# TASK
From the first line to the last, copy the material exactly.

*** Opening MATERIAL PROVIDED ***

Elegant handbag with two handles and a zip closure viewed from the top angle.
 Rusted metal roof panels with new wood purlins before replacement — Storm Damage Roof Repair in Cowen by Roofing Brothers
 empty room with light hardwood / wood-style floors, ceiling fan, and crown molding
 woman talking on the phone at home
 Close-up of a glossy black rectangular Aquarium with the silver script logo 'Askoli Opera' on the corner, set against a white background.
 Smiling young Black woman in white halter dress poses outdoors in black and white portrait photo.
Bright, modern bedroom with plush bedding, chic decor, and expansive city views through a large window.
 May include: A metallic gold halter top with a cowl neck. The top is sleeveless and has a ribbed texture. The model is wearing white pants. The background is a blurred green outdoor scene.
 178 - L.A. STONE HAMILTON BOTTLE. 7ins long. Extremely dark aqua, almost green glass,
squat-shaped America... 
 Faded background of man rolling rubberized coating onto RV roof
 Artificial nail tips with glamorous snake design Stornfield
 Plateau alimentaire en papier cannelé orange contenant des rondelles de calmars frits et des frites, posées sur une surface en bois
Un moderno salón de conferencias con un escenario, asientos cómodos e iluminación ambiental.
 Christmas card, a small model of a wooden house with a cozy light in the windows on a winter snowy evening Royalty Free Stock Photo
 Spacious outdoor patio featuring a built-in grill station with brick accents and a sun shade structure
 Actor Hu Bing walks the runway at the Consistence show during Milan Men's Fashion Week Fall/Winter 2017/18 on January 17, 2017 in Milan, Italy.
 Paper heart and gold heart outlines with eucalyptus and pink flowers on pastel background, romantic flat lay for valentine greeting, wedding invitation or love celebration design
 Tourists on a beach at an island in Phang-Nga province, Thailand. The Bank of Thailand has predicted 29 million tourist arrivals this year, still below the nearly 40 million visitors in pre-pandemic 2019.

*** Closing MATERIAL PROVIDED ***

# ANSWER BELOW
Elegant handbag with two handles and a zip closure viewed from the top angle.
 Rusted metal roof panels with new wood purlins before replacement — Storm Damage Roof Repair in Cowen by Roofing Brothers
 empty room with light hardwood / wood-style floors, ceiling fan, and crown molding
 woman talking on the phone at home
 Close-up of a glossy black rectangular Aquarium with the silver script logo 'Askoli Opera' on the corner, set against a white background.
 Smiling young Black woman in white halter dress poses outdoors in black and white portrait photo.
Bright, modern bedroom with plush bedding, chic decor, and expansive city views through a large window.
 May include: A metallic gold halter top with a cowl neck. The top is sleeveless and has a ribbed texture. The model is wearing white pants. The background is a blurred green outdoor scene.
 178 - L.A. STONE HAMILTON BOTTLE. 7ins long. Extremely dark aqua, almost green glass,
squat-shaped America... 
 Faded background of man rolling rubberized coating onto RV roof
 Artificial nail tips with glamorous snake design Stornfield
 Plateau alimentaire en papier cannelé orange contenant des rondelles de calmars frits et des frites, posées sur une surface en bois
Un moderno salón de conferencias con un escenario, asientos cómodos e iluminación ambiental.
 Christmas card, a small model of a wooden house with a cozy light in the windows on a winter snowy evening Royalty Free Stock Photo
 Spacious outdoor patio featuring a built-in grill station with brick accents and a sun shade structure
 Actor Hu Bing walks the runway at the Consistence show during Milan Men's Fashion Week Fall/Winter 2017/18 on January 17, 2017 in Milan, Italy.
 Paper heart and gold heart outlines with eucalyptus and pink flowers on pastel background, romantic flat lay for valentine greeting, wedding invitation or love celebration design
 Tourists on a beach at an island in Phang-Nga province, Thailand. The Bank of Thailand has predicted 29 million tourist arrivals this year, still below the nearly 40 million visitors in pre-pandemic 2019.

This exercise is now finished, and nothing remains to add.